= Exercise brief =
Find the line with "Number 21. What" in the entries below, then reproduce it and every line after it down to and including the line with "The information about", exactly.

= Available data =
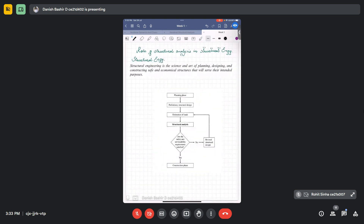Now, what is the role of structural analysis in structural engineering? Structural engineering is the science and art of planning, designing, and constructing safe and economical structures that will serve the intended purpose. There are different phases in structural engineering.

==

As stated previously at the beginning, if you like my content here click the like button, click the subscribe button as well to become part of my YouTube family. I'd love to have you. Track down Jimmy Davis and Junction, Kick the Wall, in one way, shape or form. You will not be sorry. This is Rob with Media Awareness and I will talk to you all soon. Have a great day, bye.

---

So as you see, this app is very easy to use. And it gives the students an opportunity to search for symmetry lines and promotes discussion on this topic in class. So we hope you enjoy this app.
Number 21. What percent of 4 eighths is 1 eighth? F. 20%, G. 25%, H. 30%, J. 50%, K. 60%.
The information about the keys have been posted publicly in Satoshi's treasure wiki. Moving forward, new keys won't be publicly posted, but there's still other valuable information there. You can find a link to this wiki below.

= Result of this exercise =
Number 21. What percent of 4 eighths is 1 eighth? F. 20%, G. 25%, H. 30%, J. 50%, K. 60%.
The information about the keys have been posted publicly in Satoshi's treasure wiki. Moving forward, new keys won't be publicly posted, but there's still other valuable information there. You can find a link to this wiki below.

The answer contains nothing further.